The antiviral medications rimantadine (Flumadine) and amantadine are FDA approved only for treatment of influenza type A infections because they are not active against type B viruses.

The CDC does not, however, recommend amantadine or rimantadine as first-line treatment for type A influenza because of high levels of resistance to these drugs among circulating strains.

Mutation Rates and Pandemic Potential

The last major difference between influenza A and B is the rate at which these viruses change and evolve (mutation rate), which also impacts how much they can contribute to a flu pandemic. Influenza type A viruses are in a perpetual state of change. Spontaneous changes called mutations occur frequently in their genes.

From one flu season to the next, genetic changes in the circulating influenza type A viruses are extensive enough that your immune system cannot recognize the newly change viruses — even if you had the flu shot or the flu the previous year. This is why you need a flu shot every year; the shot from the previous year cannot protect you against the newly mutated influenza type A viruses.

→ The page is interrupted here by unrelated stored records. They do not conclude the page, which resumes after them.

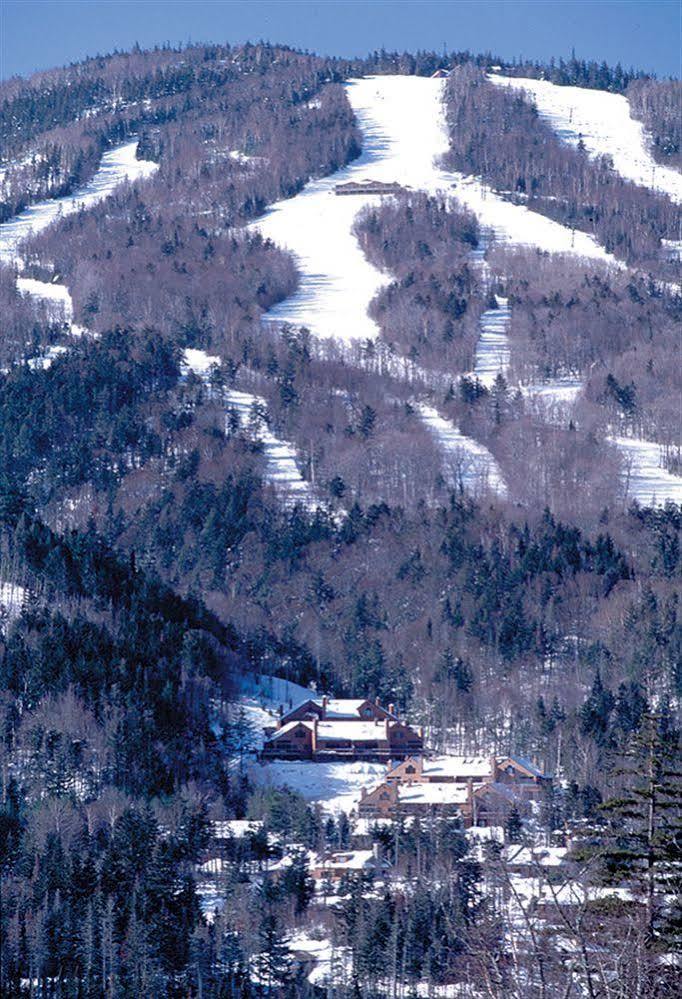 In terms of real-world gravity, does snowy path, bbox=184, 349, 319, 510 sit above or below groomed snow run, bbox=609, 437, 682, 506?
above

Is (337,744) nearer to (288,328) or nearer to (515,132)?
(288,328)

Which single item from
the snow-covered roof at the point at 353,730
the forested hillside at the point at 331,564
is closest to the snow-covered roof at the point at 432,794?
the forested hillside at the point at 331,564

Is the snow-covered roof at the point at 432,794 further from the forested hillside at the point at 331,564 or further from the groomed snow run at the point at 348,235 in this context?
the groomed snow run at the point at 348,235

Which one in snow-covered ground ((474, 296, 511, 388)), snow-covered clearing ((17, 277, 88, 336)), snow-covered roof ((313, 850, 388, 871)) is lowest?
snow-covered roof ((313, 850, 388, 871))

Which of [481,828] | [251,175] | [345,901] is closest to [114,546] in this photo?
[481,828]

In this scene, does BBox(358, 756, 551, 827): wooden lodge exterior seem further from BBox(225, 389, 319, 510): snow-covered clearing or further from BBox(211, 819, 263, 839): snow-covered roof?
BBox(225, 389, 319, 510): snow-covered clearing

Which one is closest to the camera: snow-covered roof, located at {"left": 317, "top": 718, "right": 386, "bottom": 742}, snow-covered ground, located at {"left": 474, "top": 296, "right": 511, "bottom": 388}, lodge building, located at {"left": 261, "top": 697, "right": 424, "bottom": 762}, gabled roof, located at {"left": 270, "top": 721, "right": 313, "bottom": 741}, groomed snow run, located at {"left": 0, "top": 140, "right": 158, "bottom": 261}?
gabled roof, located at {"left": 270, "top": 721, "right": 313, "bottom": 741}

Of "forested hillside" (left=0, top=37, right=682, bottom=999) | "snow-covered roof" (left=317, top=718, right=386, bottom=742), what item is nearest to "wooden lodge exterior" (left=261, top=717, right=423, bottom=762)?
"snow-covered roof" (left=317, top=718, right=386, bottom=742) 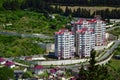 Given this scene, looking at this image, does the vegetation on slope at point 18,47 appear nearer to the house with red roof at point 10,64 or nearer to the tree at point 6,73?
the house with red roof at point 10,64

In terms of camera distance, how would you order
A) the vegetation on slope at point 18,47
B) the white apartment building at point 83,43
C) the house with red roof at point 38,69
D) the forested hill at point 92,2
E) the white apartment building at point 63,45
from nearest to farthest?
the house with red roof at point 38,69
the white apartment building at point 63,45
the vegetation on slope at point 18,47
the white apartment building at point 83,43
the forested hill at point 92,2

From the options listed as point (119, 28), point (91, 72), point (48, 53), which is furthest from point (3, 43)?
point (91, 72)

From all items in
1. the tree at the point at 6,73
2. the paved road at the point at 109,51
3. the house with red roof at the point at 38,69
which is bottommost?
the paved road at the point at 109,51

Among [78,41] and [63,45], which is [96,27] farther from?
[63,45]

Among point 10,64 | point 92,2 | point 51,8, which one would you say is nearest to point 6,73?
point 10,64

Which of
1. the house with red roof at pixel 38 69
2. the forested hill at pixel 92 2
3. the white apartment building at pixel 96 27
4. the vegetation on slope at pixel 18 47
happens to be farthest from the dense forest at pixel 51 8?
the house with red roof at pixel 38 69

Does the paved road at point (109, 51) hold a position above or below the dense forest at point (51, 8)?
below

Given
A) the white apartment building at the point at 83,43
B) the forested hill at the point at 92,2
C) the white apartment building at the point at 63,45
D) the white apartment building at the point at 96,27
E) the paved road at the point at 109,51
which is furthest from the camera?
the forested hill at the point at 92,2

Influenza type B viruses mutate much more slowly than influenza type A viruses. Whereas type A viruses change significantly from one flu season to the next, influenza B viruses typically change significantly only every few years.

The high mutation rate of influenza type A viruses combined with their broader range of hosts imparts these viruses with pandemic potential that influenza B viruses do not possess. All the influenza pandemics that have occurred in modern times — from the Spanish flu in 1918 to the 2009 novel H1N1 pandemic — have been caused by influenza type A viruses.